%%
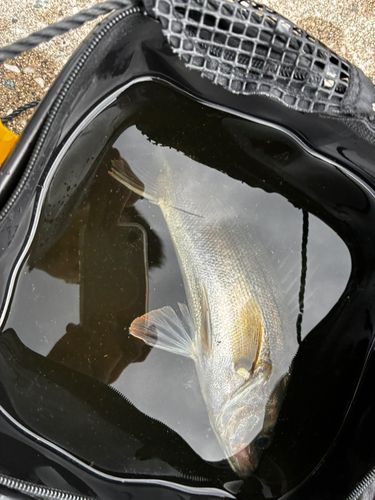 釣果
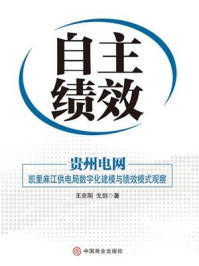 《自主绩效：贵州电网：凯里麻江供电局数字化建模与绩效模式观察》-王京刚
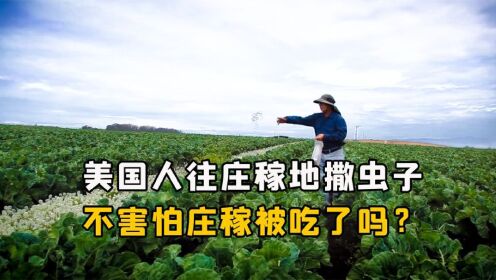 美国人往庄稼地撒虫子,不怕庄稼被吃了吗?庄稼地撒虫子有什么用_高清1080P在线观看平台_腾讯视频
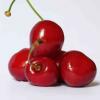 Flavor :  Kirsch Typ Cherry par CBV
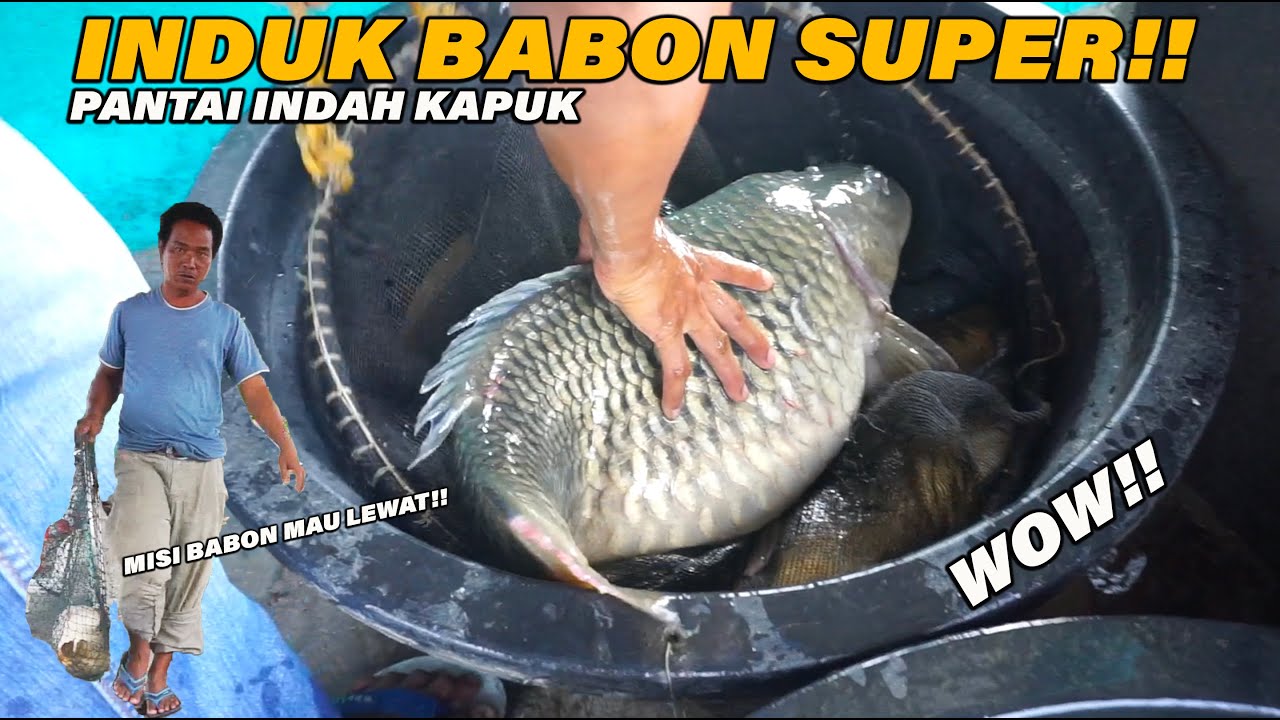 BABON SUPER PENGHUNI PEMANCINGAN INI NAIK!! PEGEL MANCING DISINI!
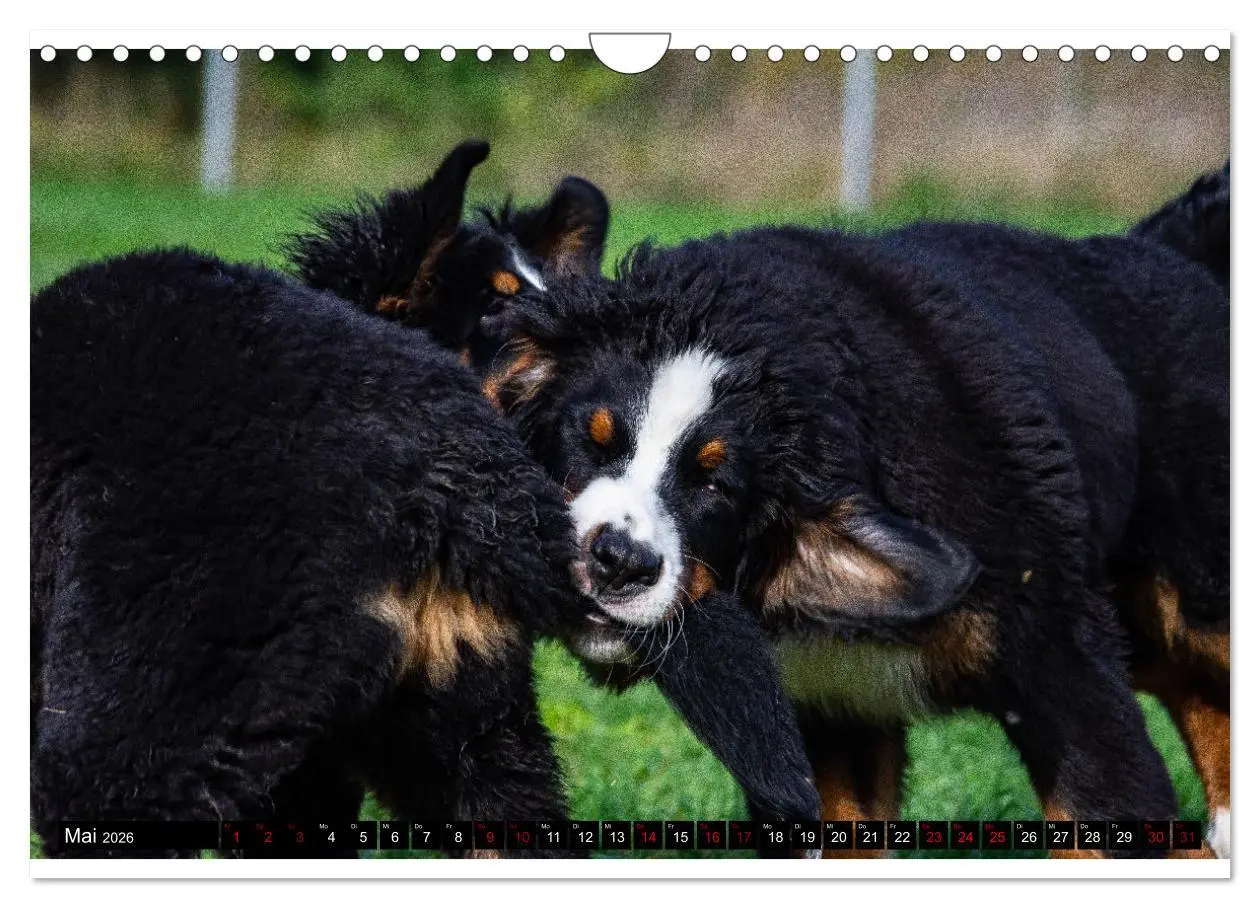Bild: 9783457553015 | Berner Sennenhund Welpen - Bezaubernde Plüschbärchen (Wandkalender...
%%
## PROBLEM DESCRIPTION
Word for word, repeat the material above and drop the pictures.

## EXERCISE ANSWER
 釣果
 《自主绩效：贵州电网：凯里麻江供电局数字化建模与绩效模式观察》-王京刚
 美国人往庄稼地撒虫子,不怕庄稼被吃了吗?庄稼地撒虫子有什么用_高清1080P在线观看平台_腾讯视频
 Flavor :  Kirsch Typ Cherry par CBV
 BABON SUPER PENGHUNI PEMANCINGAN INI NAIK!! PEGEL MANCING DISINI!
Bild: 9783457553015 | Berner Sennenhund Welpen - Bezaubernde Plüschbärchen (Wandkalender...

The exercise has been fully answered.